Everything in the data below except the pictures must be repeated word for word.

** Opening Supplied information block **

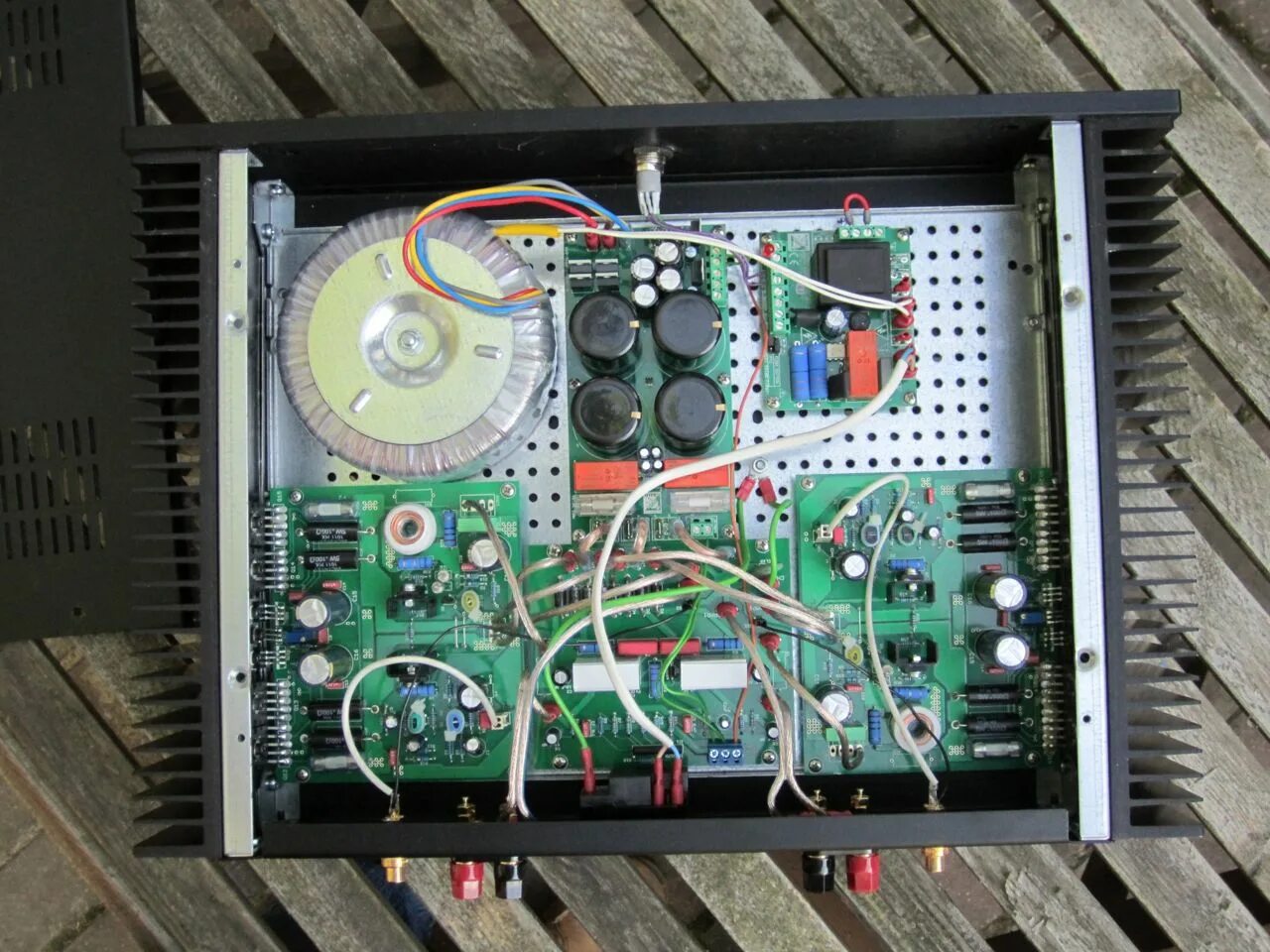 Amp class a. B100 усилитель. amplifier class a. t a amplifier400 watt ab class. усилитель bang olufsen.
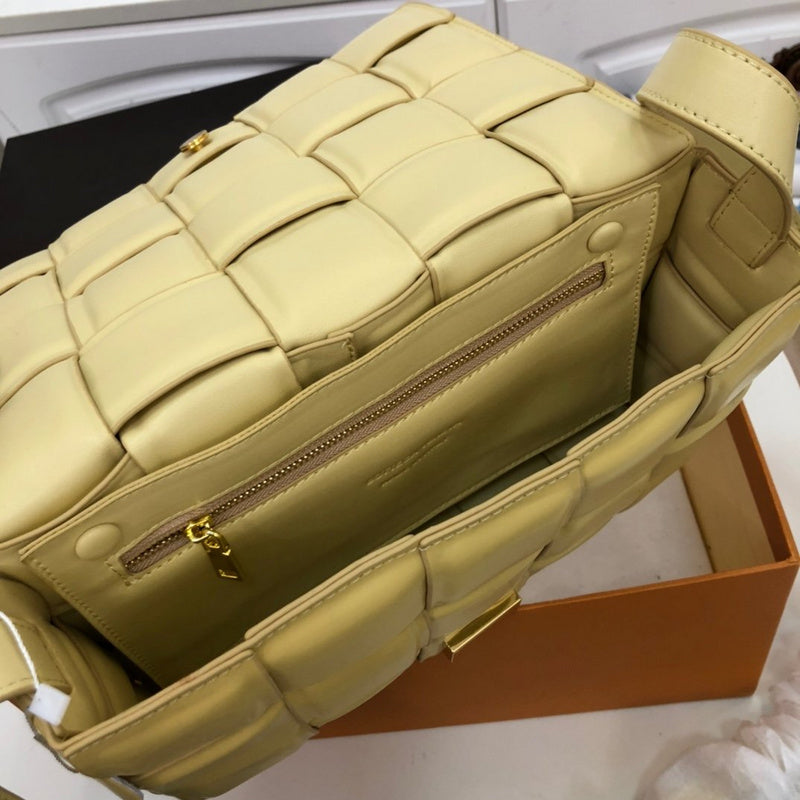 B-VENETA STYLISH HANBAGS FOR WOMEN - 359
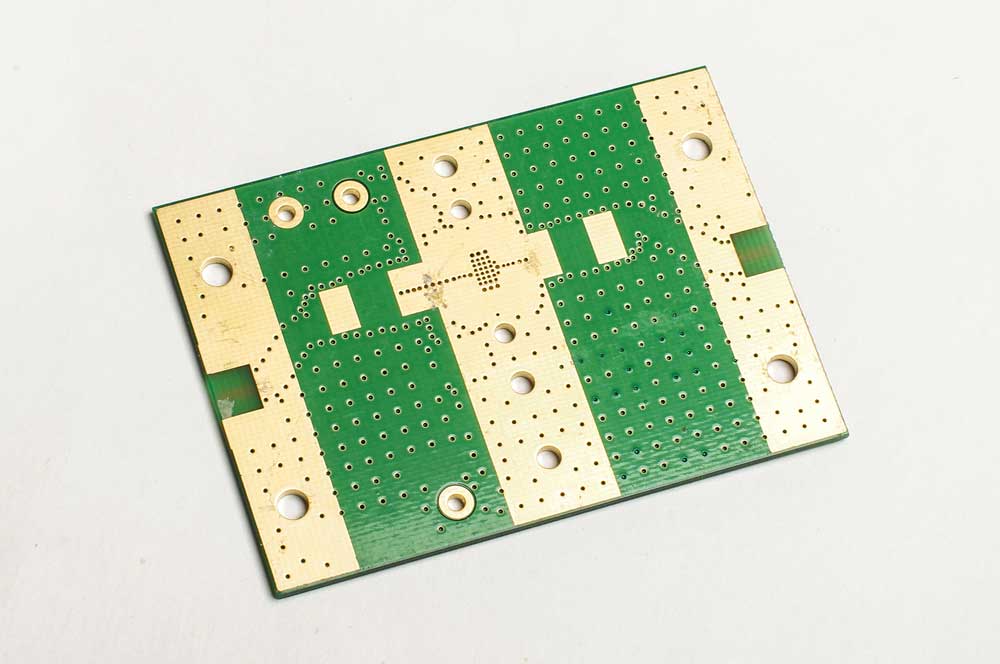 Electronic printed circuit board bottom layer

** Closing Supplied information block **

Output for this exercise:
 Amp class a. B100 усилитель. amplifier class a. t a amplifier400 watt ab class. усилитель bang olufsen.
 B-VENETA STYLISH HANBAGS FOR WOMEN - 359
 Electronic printed circuit board bottom layer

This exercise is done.